D’autres disent de toi que tu n’es qu’un animateur. Cela aurait pu être cohérent s’ils n’étaient pas les premiers à bénéficier de ton travail, de ton sacrifice, de tes activités et du lien que tu entretenais avec les minots. Ce sont les mêmes qui, en ton absence, te cassent du sucre sur le dos. Ils disent que les éducateurs sont mis en porte à faux car toi les jeunes t’écoutent et apprécient être en activité avec toi.
Bouc émissaire
Aujourd’hui, certains parlent d’emprise. Peut-être est-ce parce qu’ils n’ont pas d’arguments pour débattre avec toi ? Ou est-ce une manière de détourner l’attention des véritables problématiques : la qualité des prises en charge et le travail éducatif ?
Le bouc émissaire joue parfaitement ce rôle. Il est un véritable nuage de fumée. Il détourne l’attention publique en consternant l’auditoire. « Le voici, notre bourreau ! »
Quand une institution est en crise, on se réunit tous sous la même bannière pour combattre un ennemi commun. Il fallait juste en trouver un. Ton tour était donc venu. Tu étais devenu le paria, l’ennemi à abattre comme l’avait été Sofia l’année dernière et Myriam l’année d’avant encore. Bizarre vous avez dit bizarre ?
Certains s’offusquaient quand tu exprimais en réunion ton incompréhension. Tu interrogeais seulement le recrutement de professionnels qui n’avaient pas de qualifications en lien avec le social.
Ce questionnement marquait ta considération pour le diplôme, la formation, le métier d’éducateur et l’importance que tu accordais au public que tu prenais en charge.

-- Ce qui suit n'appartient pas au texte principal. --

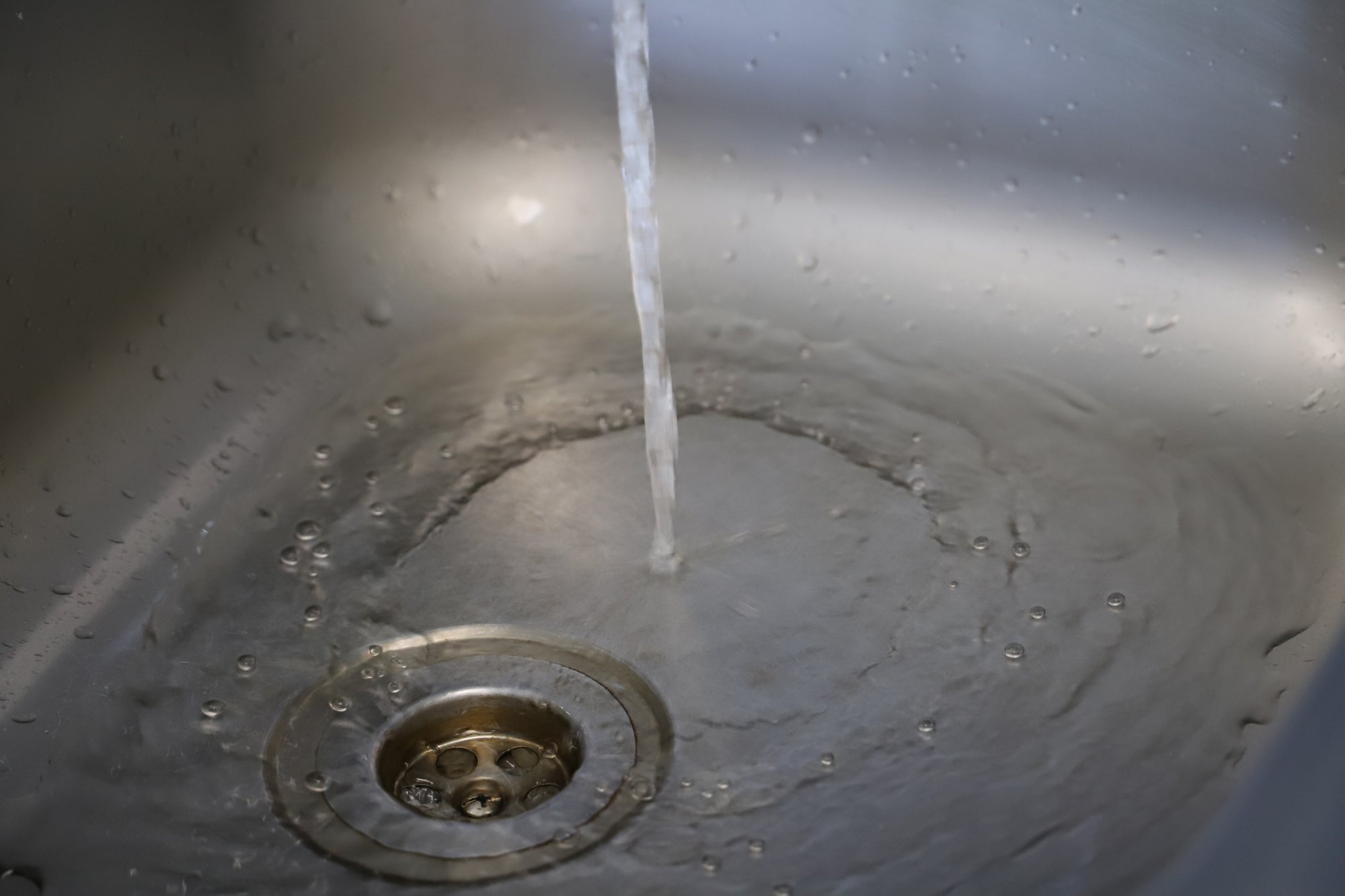 Water-Maintenance (16)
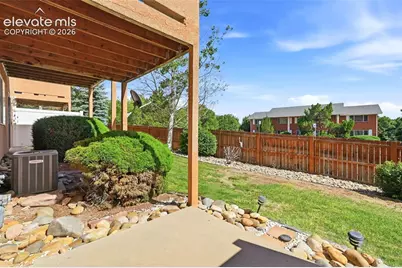2310 E La Salle Street #106, Colorado Springs, CO 80909 - Photo 42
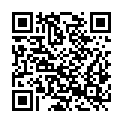 QR code zu Aussichtspunkt 84251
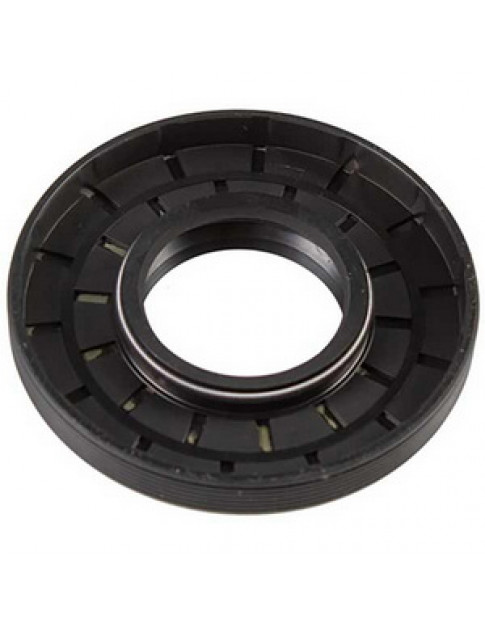 Сальник 1787072 для пральної машини 35*76*10/14 NQK Miele Сальник 1787072 для пральної машини 35*76*10/14 NQK Miele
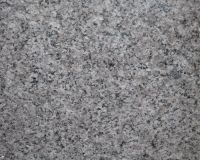 Sell classic grey granite, classic grey stone
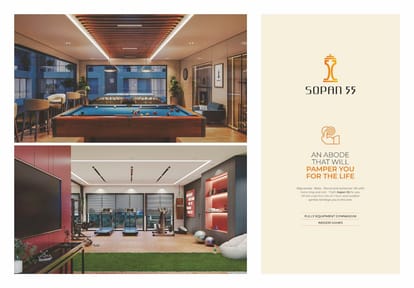 Sopan 55 Brochure Image 10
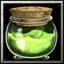 Healing Salve Healing Salve
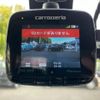 daihatsu tanto 2021 CFJ1732175 image 5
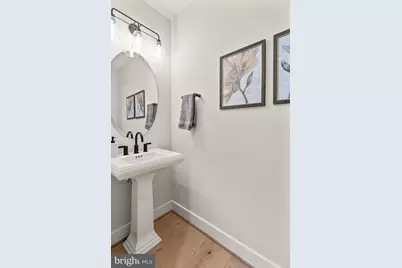 1212 Drake Street SW, Vienna, VA 22180 - Photo 38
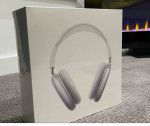 AirPods Max Brand new Sealed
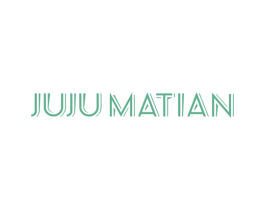 JUJU MATIAN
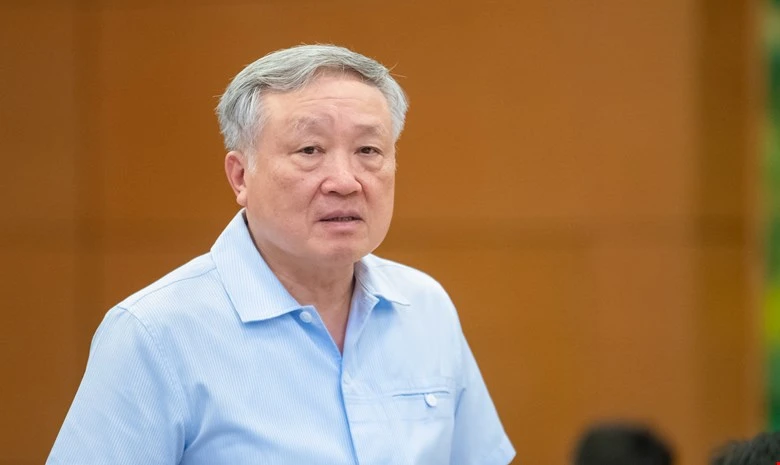 Pho-Thu-tuong-Thuong-truc-Nguyen-Hoa-Binh.jpg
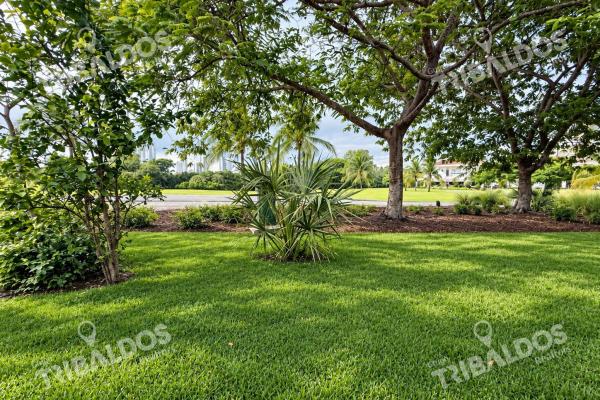 Venta de casa en fairway estates santa maria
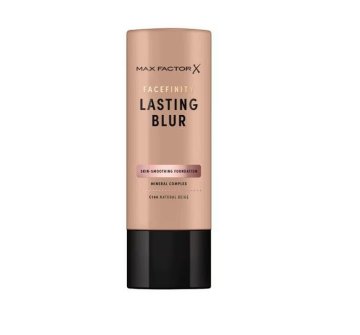 Max Factor Facefinity Trajni Performance tekući puder za lice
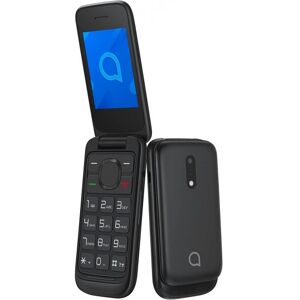 Alcatel 2057D Negro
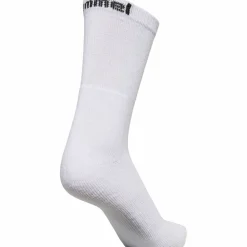 hmlMOVER 3-PACK SOCKS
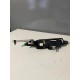 Centura dreapta fata VOLVO XC60 2010-2017 39803977 39818848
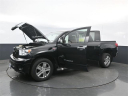 Thumbnail image of 2010 Toyota Tundra at Commonwealth Chevrolet Inc.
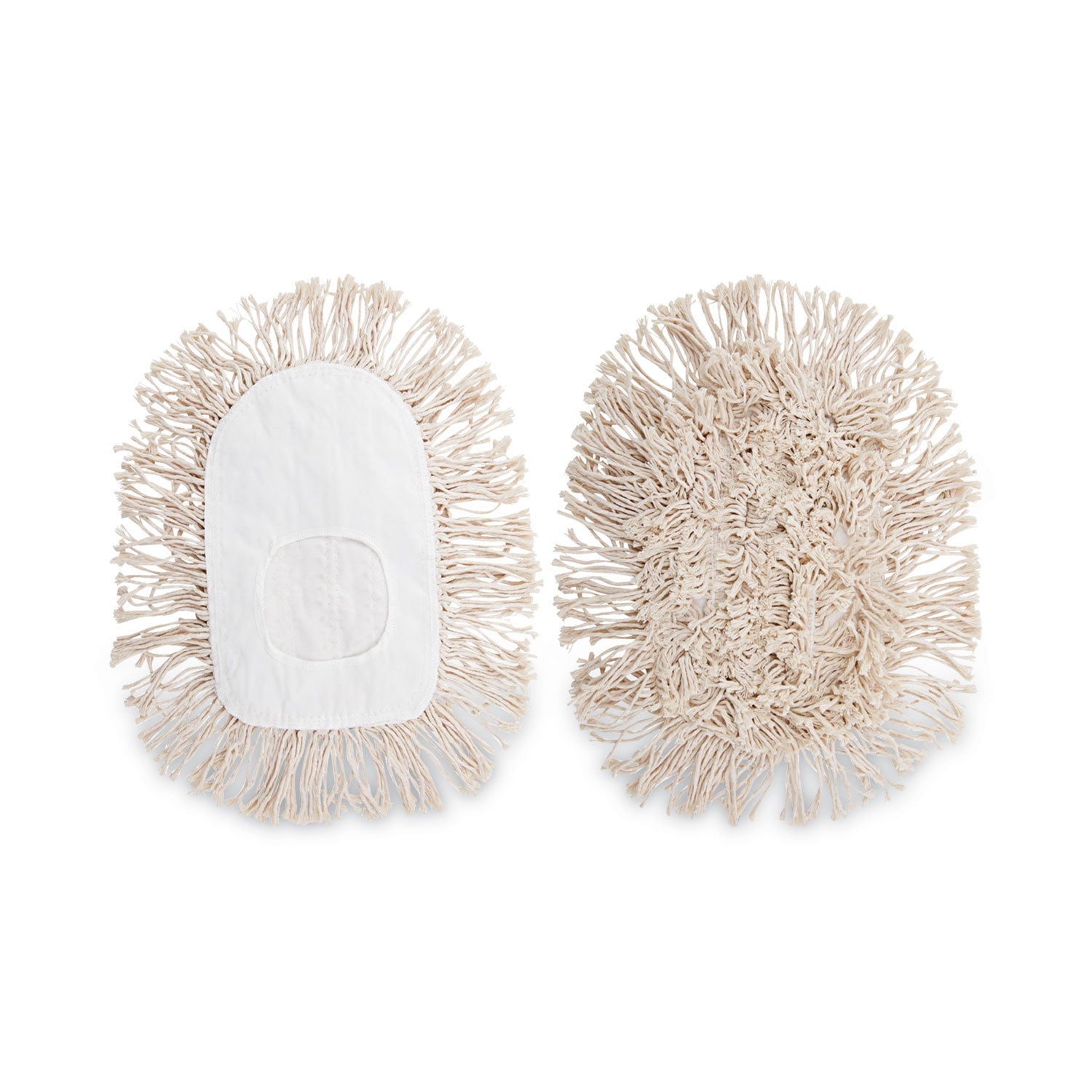 boardwalk-wedge-dust-mop-head-num-uns1491_6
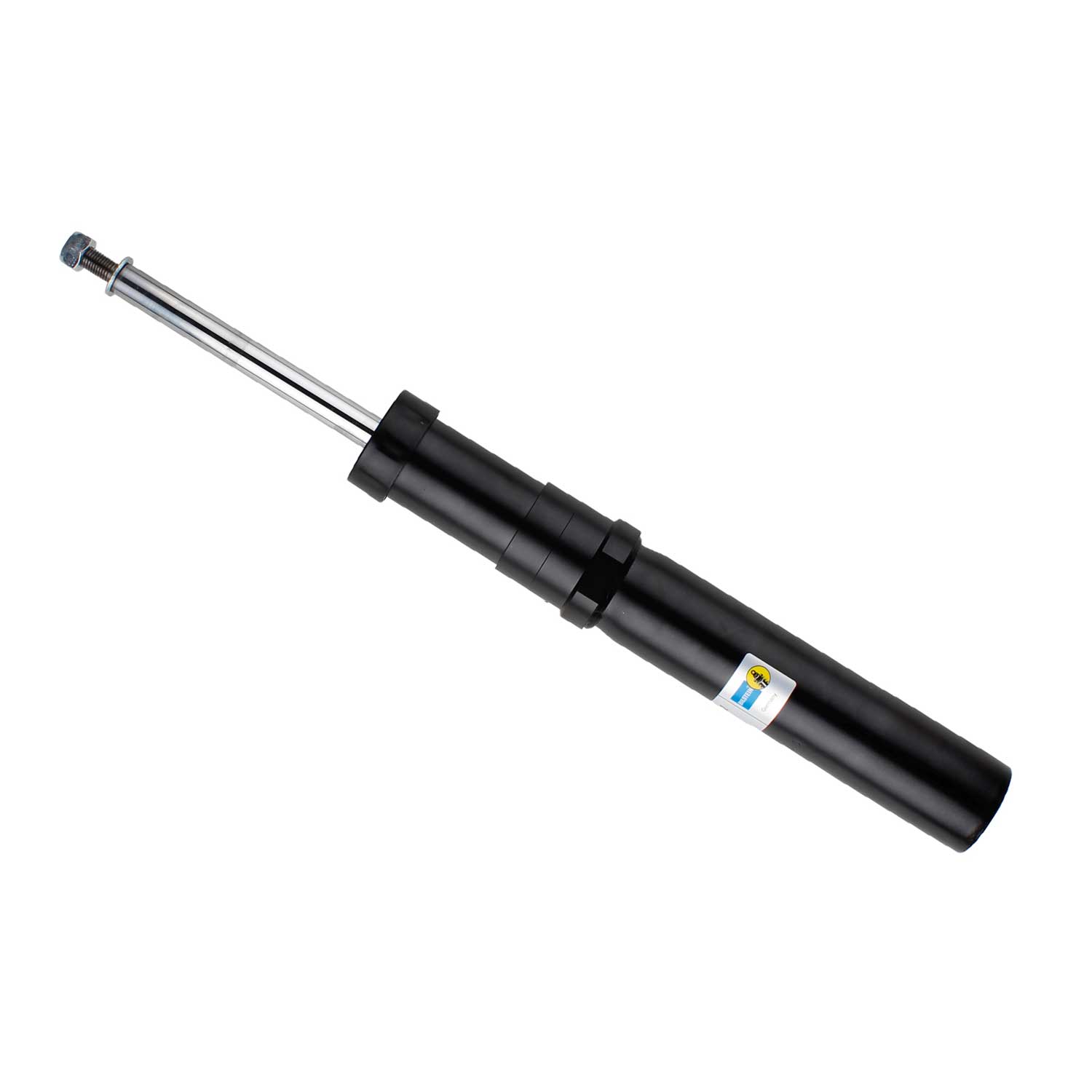 Амортизатор Bilstein B4 22-261526 Передняя для Audi Q7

Mais ils ne l’entendaient pas de cette oreille. Ils te l’ont fait payé en ne t’adressant plus la parole, en épiant tes moindres retards ou écarts.
La cohérence d’équipe a bon dos
Avec tes mots, tu nous rappelais que les maux des professionnels ne se réglaient pas en premier lieu dans le bureau d’en haut. Etre cohérent est-ce l’uniformisation des pratiques ? Quand conformisme et cohérence s’unissent dans le social, ce n’est pas par amour mais bel et bien un mariage de complaisance !
On a un rapport particulier avec la singularité. L’Etablishment est prêt à mettre au pas les différents, les marginaux, les incasables, les délinquants. Sinon Trépas ! Il en était ainsi ici ! Qu’en est-il de nos modes de fonctionnement dans le Social ? Sommes nous, nous aussi, dans cette reproduction ?
Dans la difficulté, une opportunité
Au delà des “névroses institutionnelles”, des dysfonctionnements, des politiques managériales, de nombreux problèmes dans les structures trouvent leurs sources dans les égos.
Quand tu as fais preuve de qualités humaines, d’empathie, d’écoute cela a mis en évidence certains manques de savoirs être. Quand tu brillais par tes idées, tu as mis au grand jour certaines défaillances.
Sans le moindre once de remord ni de culpabilité, ils pointèrent alors tes défauts. Sauf que lorsque le cœur de métier a parlé, il a révélé inexorablement, à tous, les vrais des faux.
Collègue, tu as décidé de t’envoler vers d’autres cieux. Pour aller là où ton talent, ton expérience, ta personne sont considérés. Une page s’est tournée définitivement. De nouvelles perspectives sont apparues. D’autres combats sont à mener désormais.
Tu manques aux gamins. Tu manqueras à jamais frère d’armes, frère d’âme.